Look up Greil Marcus’s chapter on Moby-Dick in Harvard’s New Literary History of America, and you’ll find a TV Guide description of John Huston’s 1956 film version: “A mad captain enlists others in his quest to kill a white whale.” It’s Melville’s epic reduced to a sentence of plot summary, which is funny, maybe. But then Marcus glosses the sentence, “Isn’t that America, the thing itself, right there?” and it starts to get confusing. After all, what’s he saying? Is it just the old stuff about Ahab being an emblem of American imperial ambition? Or are we meant to wince at the American adeptness at turning art into advertisement? Or maybe (a bit of a stretch, but who knows?) Marcus and his co-editor Werner Sollors are the “mad captains enlisting others” in commissioning the essays designed to hunt down that inscrutable beast, “America”? In lieu of an answer, Marcus lets loose a swirl of allusions, some of them obvious, most of them not: Edmund Wilson’s likening Ahab to Ulysses S. Grant in Patriotic Gore; Elvis Presley raising a mic stand like a harpoon during his 1968 comeback concert; a brief appearance of a whale in Todd Haynes’s I’m Not There; an episode of Law and Order in which one character is a literature professor and Melville specialist. Depending on your tastes, this is either spellbinding secret history or a rote exercise in épater le bourgeois, as if the essay were overeager to replace piety with kitsch.
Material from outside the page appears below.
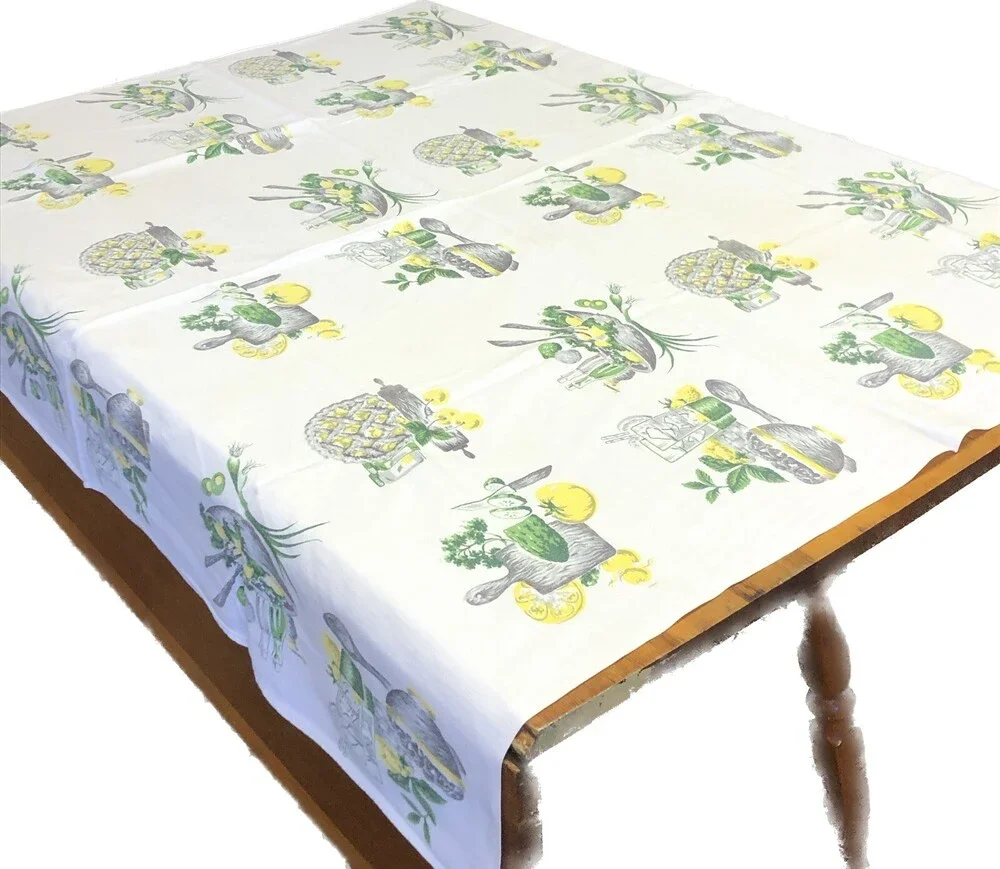 VTG Green & Yellow Food Printed 47.5” X 45.5” Mid Century 60s 70s Table Cloth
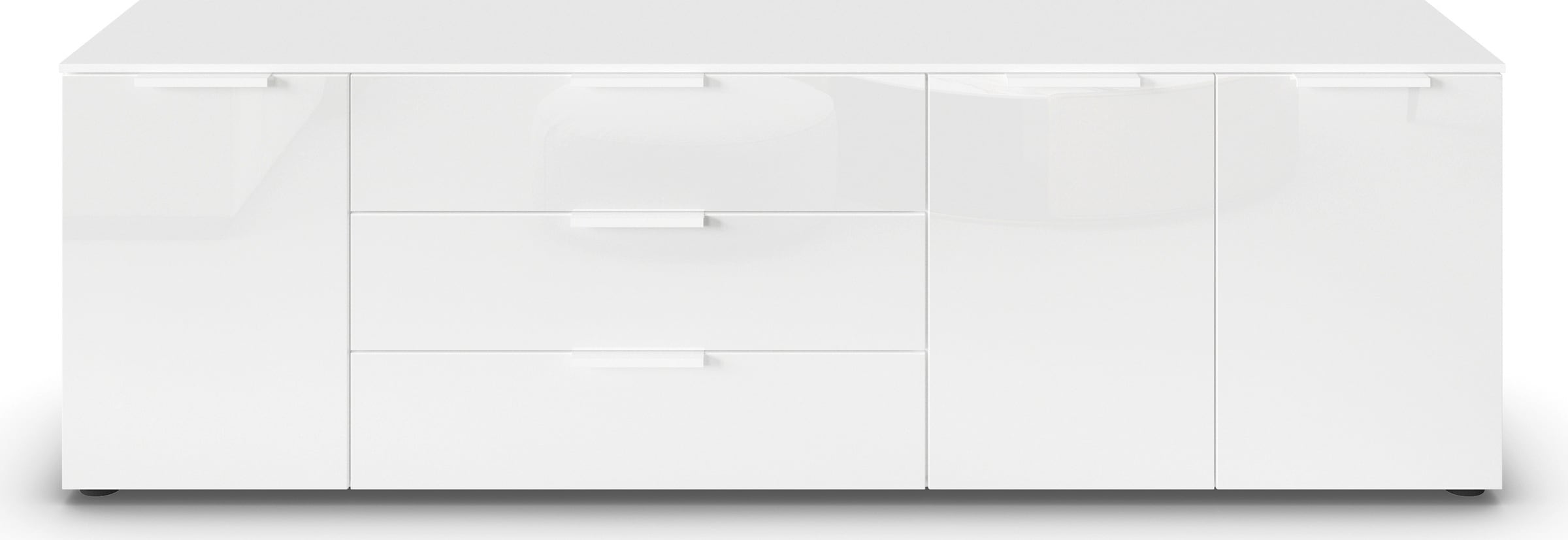 rauch Kombikommode »Kommode Türkommode Sideboard Kombikommode FLIPP mit Glasfront«, (Breite 200 cm mit 2 Einlegeböden), 3-türig mit 3 Schubladen und Soft-Close-Funktion sowie Glasfront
Whatever the connection to Moby-Dick, the stream of references in Marcus’s essay certainly are like a micro-performance of the volume as a whole. In keeping with Harvard’s previous two “New Histories”—of French literature, edited in 1989 by Denis Hollier; and of German literature, edited in 2004 by David Wellbery—the New Literary History of America is a collection of short commissioned essays, more or less quirky in its selection and treatment of topics, rather than avowedly comprehensive and programmatic, and designed to expand the territory covered by the word “literature.” More deliberately eclectic than the French and German histories, the American installment—which runs from the appearance of the name “America” on a map in 1507 to the presidential election of Barack Obama in 2008—takes things up a notch. As Harvard’s executive editor of the humanities Lindsay Waters puts it, the book is “not meant to be an encyclopedia but a provocation.”
What, then, is the nature of the provocation? On the one hand, you can treat the History as a version of what used to be called New Historicism, with its swerves from obscure social documents to readings of literary works, made always with the implication that they’d unmasked some ideology lying dormant in the text. On the other hand, you can treat the book as a sprawling collection of oddities drawn from years of flaneur-like strolling. By this account the History becomes something more along the lines of Walter Benjamin’s Marxist-surrealist account of 19th century Paris (though the analogy begins to break down when you compare Benjamin’s scavenging near-homelessness with the power and resources of the commissioning editors at a major university press). Setting well-known works beside fads and ephemera is not to call their canonicity into question, but to create a situation in which the meaning of say, Absalom, Absalom!, might be inferred from the semiotics of the skyscraper (like Baudelaire’s Fleurs du Mal read through a meditation on Parisian shopping arcades). This makes the book more a collection of virtual histories than one long teleological narrative: look up Lincoln in the index and you get one version of American literary history; look up Du Bois another, Dickinson another. The book’s cover, with its array of icons—an electric guitar, a steam engine, Ella Fitzgerald, the Empire State Building, Joe Namath, a ten dollar bill, the Brooklyn bridge, a pogo stick—is then something like an advertisement for the method. All of this is in keeping with the editors’ own description of the History as premised on their taking literally the phrase “made in America,” with a stress on “making” as poiesis.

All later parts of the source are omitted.